▶ [What to produce]
Retype, exactly as they appear below, the lines between the line holding "Dining Chair Set" and the line holding "Hand Tufted Wool", both ends included.

▶ [Supplied records]

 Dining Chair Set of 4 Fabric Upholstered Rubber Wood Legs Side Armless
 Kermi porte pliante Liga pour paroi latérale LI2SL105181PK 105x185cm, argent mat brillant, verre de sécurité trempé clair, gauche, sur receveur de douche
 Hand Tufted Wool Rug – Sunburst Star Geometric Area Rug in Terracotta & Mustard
==
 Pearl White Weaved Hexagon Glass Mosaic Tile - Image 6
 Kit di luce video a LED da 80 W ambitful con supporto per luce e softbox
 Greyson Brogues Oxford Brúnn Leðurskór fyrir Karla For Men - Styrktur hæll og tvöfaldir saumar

▶ [Solution]
 Dining Chair Set of 4 Fabric Upholstered Rubber Wood Legs Side Armless
 Kermi porte pliante Liga pour paroi latérale LI2SL105181PK 105x185cm, argent mat brillant, verre de sécurité trempé clair, gauche, sur receveur de douche
 Hand Tufted Wool Rug – Sunburst Star Geometric Area Rug in Terracotta & Mustard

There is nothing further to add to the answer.